Dmb,

AGAIN:  Where did I state that "concepts are necessary to act in the world"?  


Marsha



On Jun 7, 2011, at 1:02 PM, MarshaV wrote:

> 
> Dmb,
> 
> Where did I state that "concepts are necessary to act in the world"?
> 
> 
> Marsha
> 
> 
> 
> On Jun 7, 2011, at 11:48 AM, david buchanan wrote:
> 
>> 
>> dmb said:
>> You can't say that reification is "interdependent with the conceptualization 
>> process" or simply "conceptualization reifies" AND also say that concepts 
>> are necessary to act in the world.
>> 
>> Mary replied:
>> Why not?
>> 
>> 
>> dmb says:
>> Like I already said, you can't make both assertions because they are 
>> mutually exclusive claims. To say that reification is interdependent with 
>> the conceptualization process means that concepts depend on reification, 
>> that concepts need to be reified, that forming an idea necessarily entails 
>> the conceptual error known as reification. That's like saying the man 
>> depends on cancer when in fact getting rid of it is just about all he wants 
>> to do. His life depends on NOT having cancer. And this is the point of 
>> identifying reification as such, to cure it, to cut it out and restore 
>> health to the man. That's what's necessary to act in the world, a healthy 
>> concept, free of the cancer of reification.
>> 
>> The first claim condemns the conceptualization process as inescapably wrong 
>> and inherently misleading. The second claim says concepts are necessary. If 
>> you don't understand why it is incoherent to make both claims, then I really 
>> don't know what to tell you. 
>> 
>> Mary said:
>> The human brain is nothing more than the product of the evolution of 
>> Pirsig's static patterns of value.  Static patterns of value interact with 
>> one another in static ways.  It would be a leap to expect the static brain 
>> to function in a non-static way, would it not?  Conceptualization is no 
>> doubt a high quality STATIC pattern of value.  It is a useful and necessary 
>> tool for interacting with other static patterns.  It does not follow that it 
>> would be necessary for it to develop transcendence.  If it were even a 
>> "tendency" of the human mind to flexibly transcend the static, then DQ would 
>> not be undefined.  Capisce?
>> 
>> 
>> 
>> dmb says:
>> 
>> No, I can't make any sense of that.

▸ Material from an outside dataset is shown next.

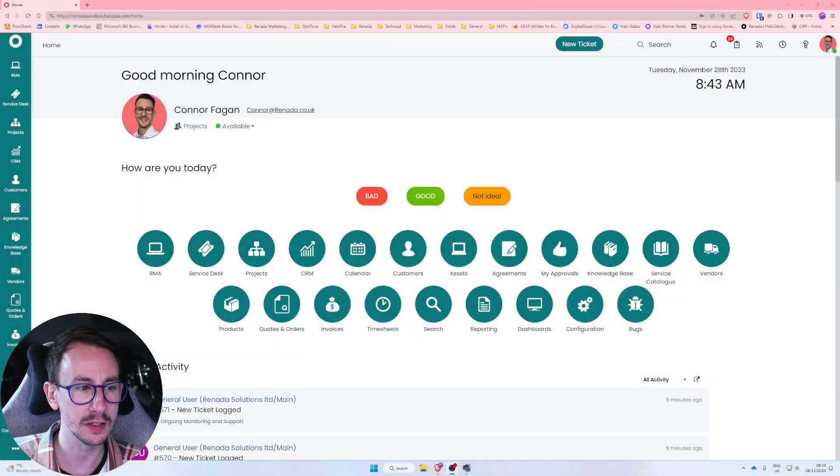Before we jump into it, I'm going to explain what they're used for, show you how to make one, and hopefully by the end of this video you will have an idea of how these can be leveraged inside of your Halo PSA build. So with that being said, let's jump straight into it.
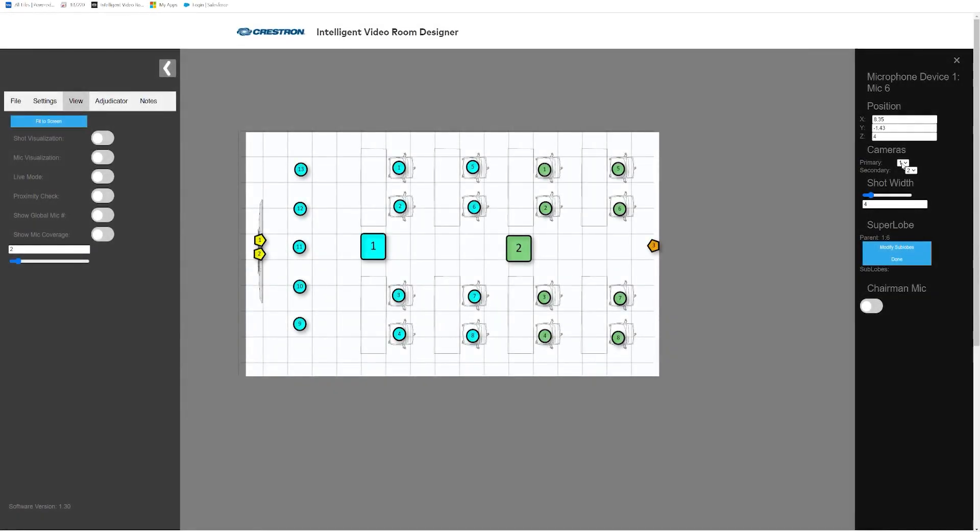Each virtual mic is paired with a primary and secondary camera. If the primary camera is already in use, Automate VX will use the secondary camera to avoid broadcasting camera motion to the far end.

I don't see how evolution or 
>> transcendence has any relevance to my objection. I don't think concepts are 
>> supposed to "transcend" the static, whatever that means. The problem is 
>> making contradictory claims. It's a simple logic problem. You can't say 
>> something is always bad (conceptualization reifies) and also say that same 
>> thing is the highest species of static good (necessary to act in the world). 
>> IF you want to avoid contradicting yourself and and otherwise present a 
>> coherent idea on the topic, then you just can't say both things.